WHAT THE TASK REQUIRES: The listing is to be printed word for word, pictures omitted.

»»

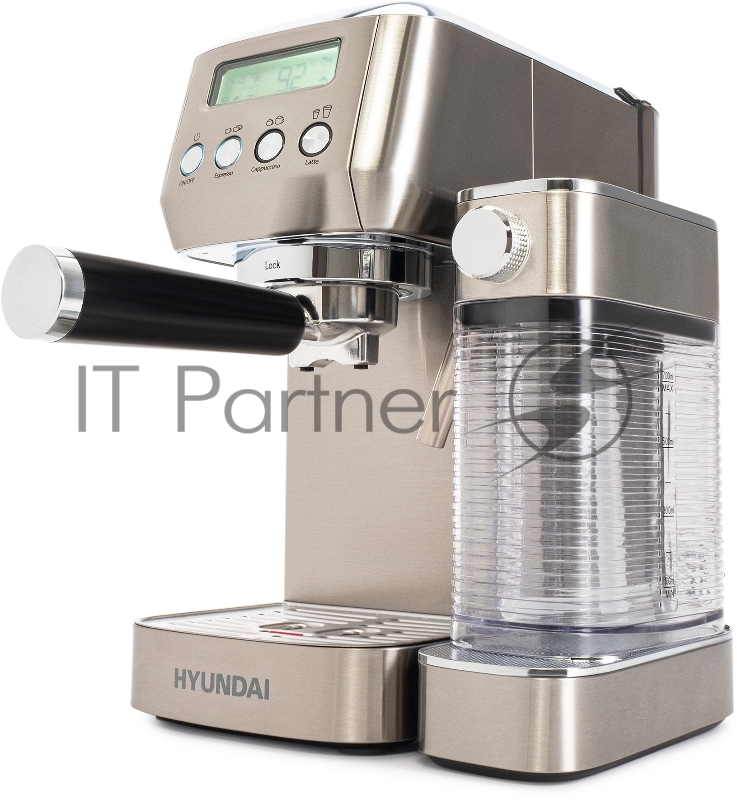 Кофеварка рожковая Hyundai HEM-9999 1350Вт серебристый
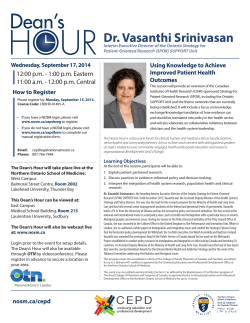 Dr. Vasanthi Srinivasan - Northern Ontario School of Medicine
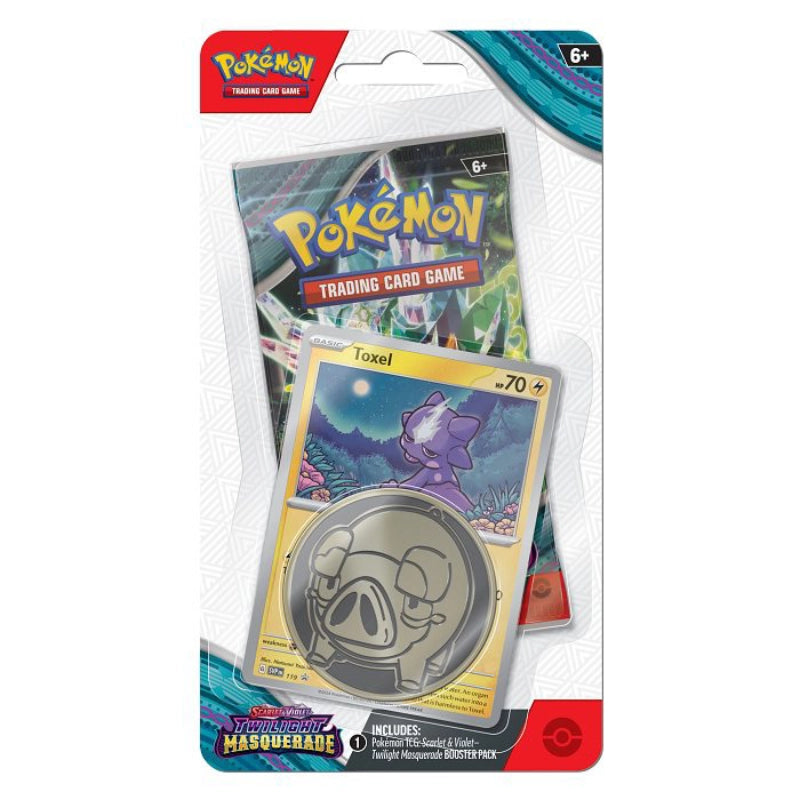 Nieuwe Pokémon TCG-uitbreiding Twilight Masquerade Checklane Blister met Toxel promo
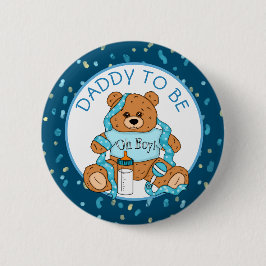 Daddy to be Blue Teddy Bearベビーシャワー 缶バッジ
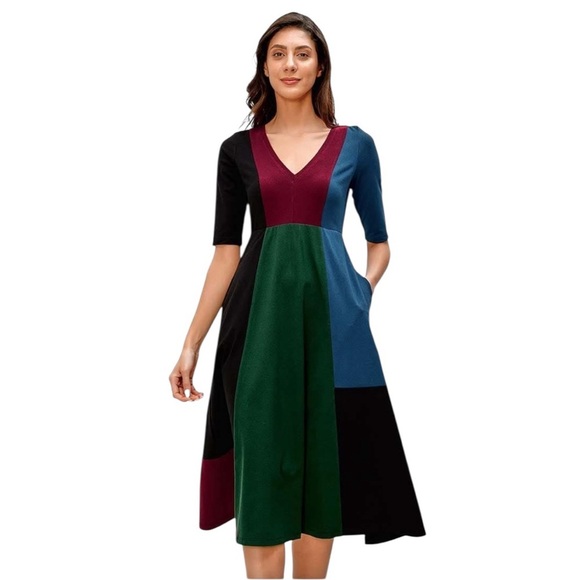eShakti Colorblock Cotton Jersey A-Line Midi Dress Plus Size 16 Casual Stretch - Picture 1 of 10
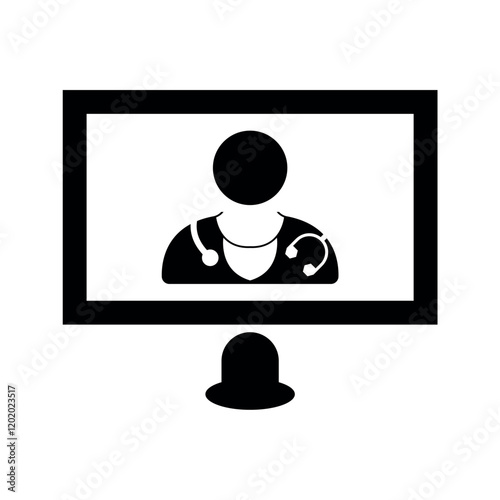 Online doctor laptop icon.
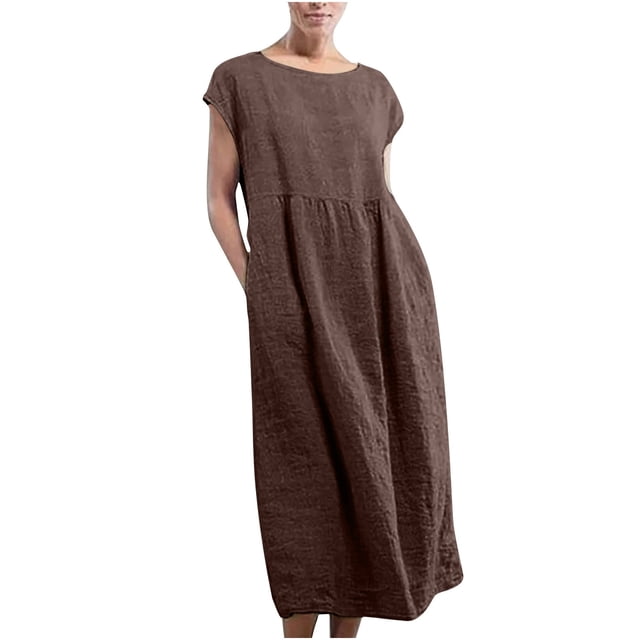 TopLLC Robes d'Été pour Femmes, Robe Maxi pour Femmes, Coton Col Rond Uni Sans Manches Col Rond Rétro Grande Taille Robes d'Été, Robes d'Été pour Femmes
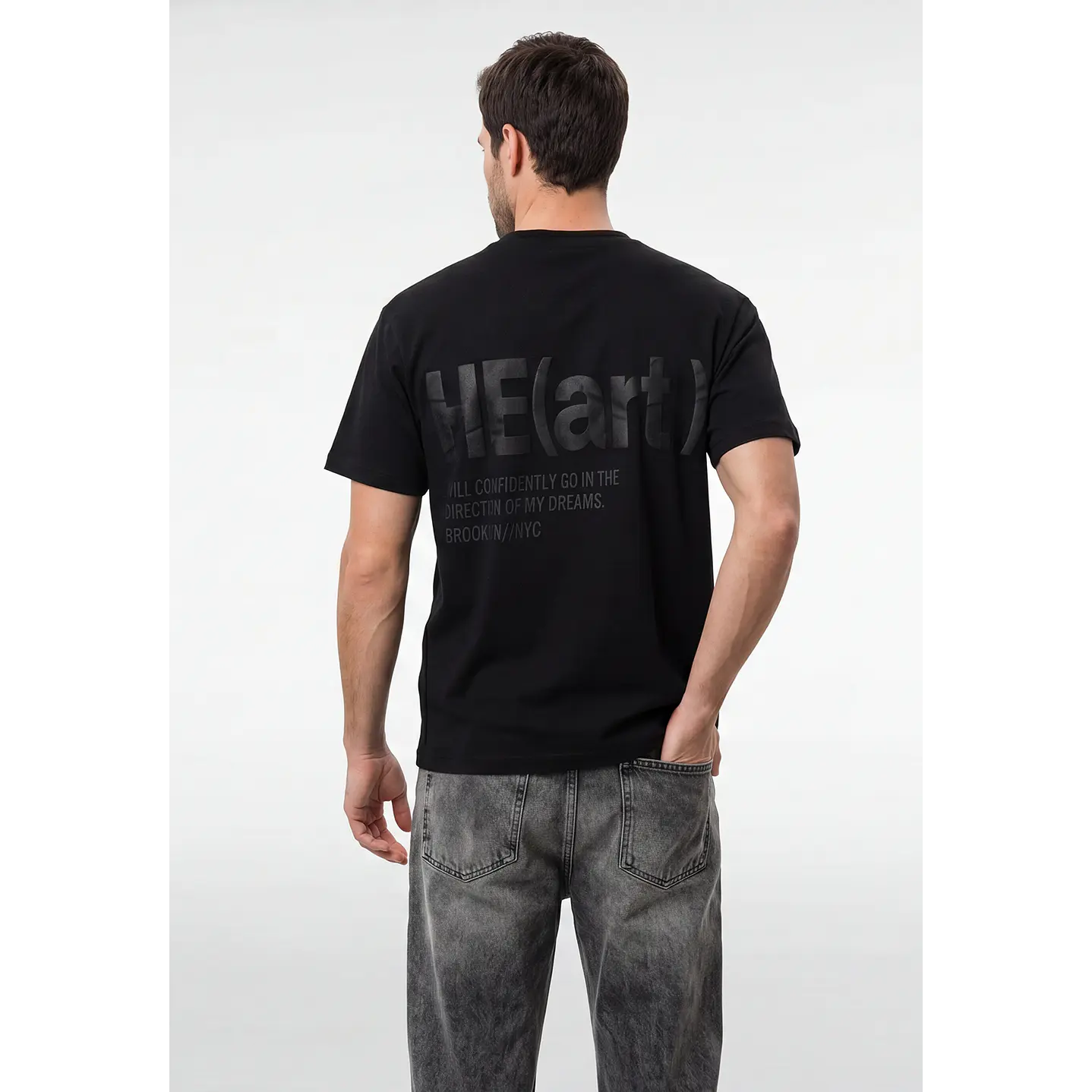 Polera Heart Relaxed Hombre Negro 2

««

OUTPUT FOR THIS TASK:
 Кофеварка рожковая Hyundai HEM-9999 1350Вт серебристый
 Dr. Vasanthi Srinivasan - Northern Ontario School of Medicine
 Nieuwe Pokémon TCG-uitbreiding Twilight Masquerade Checklane Blister met Toxel promo
 Daddy to be Blue Teddy Bearベビーシャワー 缶バッジ
eShakti Colorblock Cotton Jersey A-Line Midi Dress Plus Size 16 Casual Stretch - Picture 1 of 10
 Online doctor laptop icon.
 TopLLC Robes d'Été pour Femmes, Robe Maxi pour Femmes, Coton Col Rond Uni Sans Manches Col Rond Rétro Grande Taille Robes d'Été, Robes d'Été pour Femmes
 Polera Heart Relaxed Hombre Negro 2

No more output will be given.